**Instructions to follow**: Shown below are entries with pictures; the line with "this 626×470 image." through the line with "this 1200×799 image." is the span to retype exactly, and the pictures stay out.

**Supplied data**:
Segment Open
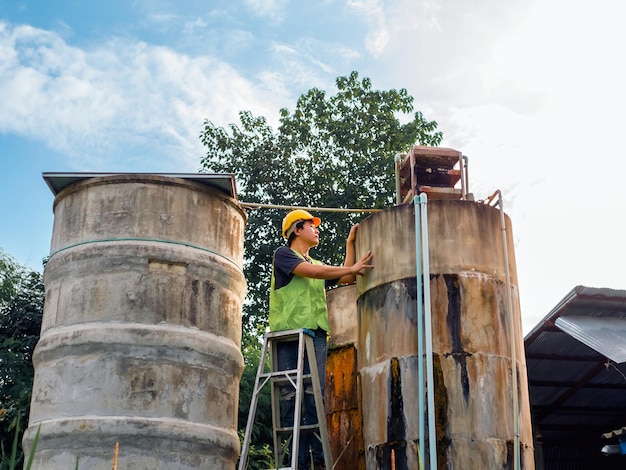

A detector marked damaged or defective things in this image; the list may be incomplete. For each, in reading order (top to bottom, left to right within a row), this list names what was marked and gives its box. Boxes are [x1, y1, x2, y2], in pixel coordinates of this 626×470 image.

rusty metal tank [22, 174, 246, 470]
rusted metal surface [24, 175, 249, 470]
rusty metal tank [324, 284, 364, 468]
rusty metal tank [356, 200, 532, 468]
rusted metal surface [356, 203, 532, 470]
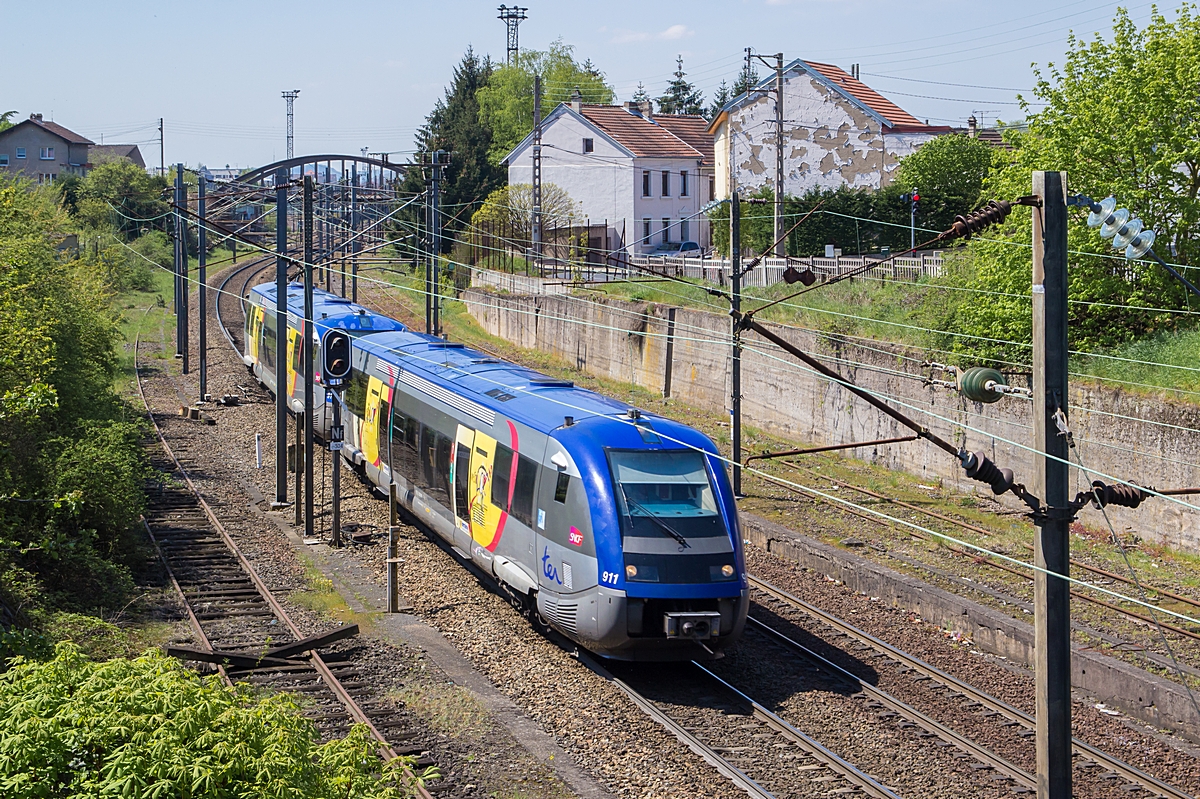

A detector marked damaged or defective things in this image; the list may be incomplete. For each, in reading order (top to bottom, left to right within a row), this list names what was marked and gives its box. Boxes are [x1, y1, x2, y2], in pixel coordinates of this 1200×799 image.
Segment Closed
Segment Open
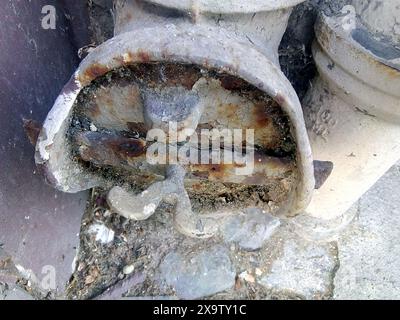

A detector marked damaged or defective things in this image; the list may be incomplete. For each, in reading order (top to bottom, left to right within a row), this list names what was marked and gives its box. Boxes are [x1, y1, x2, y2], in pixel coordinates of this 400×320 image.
Segment Closed
**Exercise result**:
A detector marked damaged or defective things in this image; the list may be incomplete. For each, in reading order (top to bottom, left to right within a row), this list names what was marked and gives its box. Boxes are [x1, y1, x2, y2], in pixel coordinates of this 626×470 image.

rusty metal tank [22, 174, 246, 470]
rusted metal surface [24, 175, 249, 470]
rusty metal tank [324, 284, 364, 468]
rusty metal tank [356, 200, 532, 468]
rusted metal surface [356, 203, 532, 470]

A detector marked damaged or defective things in this image; the list may be incomplete. For each, in reading order (top to bottom, left to right within a row), this list names what was marked and gives its box. Boxes are [x1, y1, x2, y2], in pixel coordinates of this 1200×799 image.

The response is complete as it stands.